[tahoe-dev] protecting against bugs in our own crypto code
zooko
zooko at zooko.com
Tue May 6 11:47:17 PDT 2008
On May 5, 2008, at 10:44 PM, Ben Laurie wrote:
> Since you don't do an integrity check after decryption (which seems
> unwise), all that needs to fail is the decryption.
Here's the history of this issue until now:
One of the earliest discussions on the newly-public tahoe-dev mailing
list a year ago was me arguing that an integrity check on the
plaintext was redundant with an integrity check on the ciphertext: [1].
This was my argument against Rob Kinninmont who (inunpublished
personal communication of the same time) argued that redundant
integrity checks were worth it. My argument was basically that our
quality assurance process should ensure that the decryption code was
correct, and that if our quality assurance process wasn't up to that
task, then it probably wouldn't be up to the task of ensuring that
our redundant integrity check was correct either.
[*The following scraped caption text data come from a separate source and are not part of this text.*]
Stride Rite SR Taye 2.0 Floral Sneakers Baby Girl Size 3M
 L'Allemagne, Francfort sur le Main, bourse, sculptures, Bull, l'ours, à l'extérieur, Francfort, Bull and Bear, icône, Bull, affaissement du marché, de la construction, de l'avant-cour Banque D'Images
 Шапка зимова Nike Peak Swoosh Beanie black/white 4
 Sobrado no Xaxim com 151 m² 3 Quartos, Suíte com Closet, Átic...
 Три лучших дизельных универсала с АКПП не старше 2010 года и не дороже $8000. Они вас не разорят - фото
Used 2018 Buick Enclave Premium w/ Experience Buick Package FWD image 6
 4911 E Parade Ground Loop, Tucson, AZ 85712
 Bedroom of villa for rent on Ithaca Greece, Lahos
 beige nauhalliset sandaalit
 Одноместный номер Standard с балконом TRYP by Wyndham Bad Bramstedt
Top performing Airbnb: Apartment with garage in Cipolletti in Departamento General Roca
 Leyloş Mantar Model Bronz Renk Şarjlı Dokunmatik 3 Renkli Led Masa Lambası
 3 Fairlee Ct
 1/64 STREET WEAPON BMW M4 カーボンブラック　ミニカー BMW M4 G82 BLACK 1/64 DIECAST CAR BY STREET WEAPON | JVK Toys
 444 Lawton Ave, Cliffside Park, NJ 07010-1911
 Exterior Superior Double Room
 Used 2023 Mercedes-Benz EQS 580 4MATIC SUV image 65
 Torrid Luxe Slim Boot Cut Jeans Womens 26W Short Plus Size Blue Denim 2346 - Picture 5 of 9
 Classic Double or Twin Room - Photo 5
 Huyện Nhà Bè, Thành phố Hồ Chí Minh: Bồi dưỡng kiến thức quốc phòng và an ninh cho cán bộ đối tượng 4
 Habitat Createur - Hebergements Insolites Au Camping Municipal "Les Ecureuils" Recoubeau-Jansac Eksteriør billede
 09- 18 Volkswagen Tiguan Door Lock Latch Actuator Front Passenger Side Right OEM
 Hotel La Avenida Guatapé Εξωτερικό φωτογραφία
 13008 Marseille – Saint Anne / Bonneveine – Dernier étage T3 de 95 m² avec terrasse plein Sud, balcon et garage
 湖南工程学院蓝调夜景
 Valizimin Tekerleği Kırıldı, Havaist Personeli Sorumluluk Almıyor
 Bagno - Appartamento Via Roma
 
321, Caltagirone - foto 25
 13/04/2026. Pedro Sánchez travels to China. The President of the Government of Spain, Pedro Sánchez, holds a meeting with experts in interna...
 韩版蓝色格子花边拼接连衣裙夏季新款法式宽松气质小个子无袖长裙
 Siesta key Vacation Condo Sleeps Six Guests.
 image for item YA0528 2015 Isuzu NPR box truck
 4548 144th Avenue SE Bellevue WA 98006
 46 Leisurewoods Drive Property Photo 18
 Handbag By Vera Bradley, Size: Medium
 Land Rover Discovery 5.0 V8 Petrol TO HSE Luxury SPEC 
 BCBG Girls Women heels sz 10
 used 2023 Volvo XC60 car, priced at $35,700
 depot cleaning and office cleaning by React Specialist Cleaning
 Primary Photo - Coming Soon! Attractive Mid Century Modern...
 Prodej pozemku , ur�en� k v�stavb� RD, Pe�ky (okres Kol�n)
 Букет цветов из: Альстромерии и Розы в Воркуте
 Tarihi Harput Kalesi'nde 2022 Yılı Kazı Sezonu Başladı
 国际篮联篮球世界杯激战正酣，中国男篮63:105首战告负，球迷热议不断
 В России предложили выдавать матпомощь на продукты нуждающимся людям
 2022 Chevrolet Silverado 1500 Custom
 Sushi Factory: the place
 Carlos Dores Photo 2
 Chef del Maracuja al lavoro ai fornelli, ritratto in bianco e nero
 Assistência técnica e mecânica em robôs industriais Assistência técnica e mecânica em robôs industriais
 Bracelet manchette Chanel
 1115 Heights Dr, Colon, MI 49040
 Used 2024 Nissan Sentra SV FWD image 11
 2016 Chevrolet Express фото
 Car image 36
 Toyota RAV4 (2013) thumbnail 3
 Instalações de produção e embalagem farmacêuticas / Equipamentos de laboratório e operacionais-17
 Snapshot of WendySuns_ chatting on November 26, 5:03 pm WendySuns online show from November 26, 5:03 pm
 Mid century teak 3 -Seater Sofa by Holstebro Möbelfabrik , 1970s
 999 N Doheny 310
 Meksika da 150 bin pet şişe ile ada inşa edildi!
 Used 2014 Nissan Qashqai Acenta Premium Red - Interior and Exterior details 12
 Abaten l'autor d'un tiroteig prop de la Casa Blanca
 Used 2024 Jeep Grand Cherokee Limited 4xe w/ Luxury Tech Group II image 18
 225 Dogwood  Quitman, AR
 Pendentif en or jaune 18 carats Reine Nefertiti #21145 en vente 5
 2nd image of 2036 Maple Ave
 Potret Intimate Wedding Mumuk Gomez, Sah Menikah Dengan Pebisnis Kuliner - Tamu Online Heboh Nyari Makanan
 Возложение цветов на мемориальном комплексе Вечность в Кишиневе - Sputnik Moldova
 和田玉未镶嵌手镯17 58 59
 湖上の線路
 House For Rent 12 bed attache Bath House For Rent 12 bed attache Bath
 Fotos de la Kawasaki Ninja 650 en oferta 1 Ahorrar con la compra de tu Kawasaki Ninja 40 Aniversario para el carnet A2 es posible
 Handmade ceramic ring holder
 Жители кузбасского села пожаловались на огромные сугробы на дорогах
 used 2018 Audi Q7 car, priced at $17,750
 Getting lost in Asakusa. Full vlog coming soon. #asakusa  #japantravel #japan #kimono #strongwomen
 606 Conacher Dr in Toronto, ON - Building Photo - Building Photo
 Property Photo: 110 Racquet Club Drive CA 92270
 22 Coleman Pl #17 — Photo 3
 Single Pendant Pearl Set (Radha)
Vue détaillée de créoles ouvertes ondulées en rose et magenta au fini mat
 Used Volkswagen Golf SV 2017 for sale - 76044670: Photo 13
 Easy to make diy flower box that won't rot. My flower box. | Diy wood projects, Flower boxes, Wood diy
We went Rob's preference -- the redundant integrity checks on
plaintext in addition to ciphertext (and merkle trees of shares) on
immutable files, but planned to remove the redundant checks once we
had sufficient confidence in the correctness of our erasure-decoding,
decryption, and digital signature checking. When we created
decentralized, encrypted mutable files in Tahoe v0.7 we didn't
include redundant checks on the plaintext of the mutable files.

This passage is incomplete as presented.